Congratulations! You've just published a paper in Nature Medicine identifying a new target to treat your favorite disease and are eager to take this finding to the clinic. Excellent, but where do you start? Are you familiar with all the steps you need to take from your discovery to a clinical trial?

Many of us would readily claim to be translational researchers, but, in reality, very few of us know how to navigate the translational pathway—we are very comfortable speaking the language of the lab but have a quite limited understanding of the plethora of legal (how to secure a patent), financial (how to raise money to develop our intellectual property), regulatory (how to interact with a regulatory agency) and clinical (how to recruit subjects for a clinical trial) issues that must be considered before we get anywhere near a new therapy.

Fortunately, various organizations in the US, including the National Institutes of Health (NIH), have started to tackle this problem by helping us build teams with all of the necessary skills to improve our chances of translational success. As we highlighted last year (Nat. Med. 14, 697; 2008) and in a recent Commentary (Nat. Med. 15, 502–507; 2009), the NIH grants five-year-long Clinical and Translational Science Awards (CTSAs) to universities and medical centers (46 so far, with a goal of 60 by 2012). The CTSAs hope to foster translational success by bringing together basic scientists, clinicians and other experts with knowledge crucial to walking the translational road. These human resources come together either physically (by creating new research labs and consortia) or virtually (through social networks and by posting resources on the CTSA website). CTSAs range from $20 million to over $100 million per institution, with over half a billion dollars awarded so far.

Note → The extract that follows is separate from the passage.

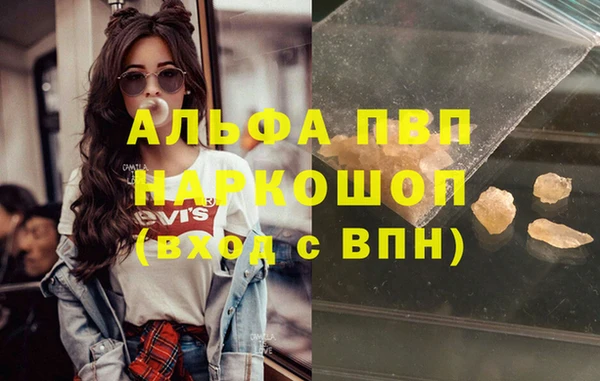 прущий лед Арсеньев
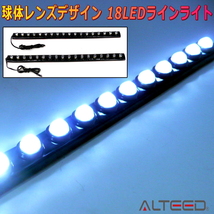 ALTEED/アルティード 3D水滴デザイン18LEDテープ2本セット 白色 フレキシブル防水チューブ仕様 立体 デイライト フットライト等に_画像1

Resources, however, are not a panacea. A team leader in a translational venture should understand the entire process and be familiar with all of the obstacles that can be found along the way—a polyglot, instead of a monolingual. As noted in a Commentary in this issue (Nat. Med. 15, 1006–1009; 2009), training such a new type of professional individual is a priority. In the US, this need has led to the creation of a series of training programs, such as the Master in Translational Research of the University of Pennsylvania's Institute for Translational Medicine and Therapeutics (ITMAT), a CTSA consortium member. In Europe, the Wellcome Trust cosponsors Translational Medicine and Therapeutics PhD Programs at four sites in the UK, and Italy's Eureka Institute, alluded to in the above-mentioned Commentary, seeks to train future leaders in translational research by familiarizing them with every step of the translational pathway.

Although these training programs are geared toward junior scientists, there are also options for more senior researchers. For example, the ITMAT and other members of the CTSA consortium hold seminar series, symposia and workshops to educate researchers in all aspects of the translational process. However, what is still needed is a fully integrated, web-based information series, such as an online tutorial, hosted perhaps on an NIH-sponsored website, which can disseminate more broadly the key insights that researchers need to successfully cross the translational pathway.

A final example worth highlighting is the MaRS Centre in Canada, a local incubator that acts in conjunction with the University of Toronto to pair scientists with technology and entrepreneurs. A key feature of MaRS is a one-on-one mentoring program to assist scientists looking to make a commercial leap. Although the focus of the Centre is more on business than on research, the MaRS approach could be adapted to the CTSA model, providing senior scientists with advisors that could help their translational efforts. These advisors could be other scientists who have successfully made the translational jump or dedicated professionals (perhaps graduates from the training programs cited above) hired by universities or even the NIH.

All of the above initiatives are relatively new, reach a small number of scientists and are still experimental—the best ways to facilitate translational research have yet to be discovered. However, their sheer existence offers hope that translational research will become smoother, speeding up the rate at which drugs and medical devices make it to the clinic. At the same time, it is clear that we need to do a lot more on a global scale to empower scientists with the education necessary to make a real translational impact. If each of us tries to become at least 'bilingual', we might feel a little less overwhelmed by the Tower of Babel that translational research has become.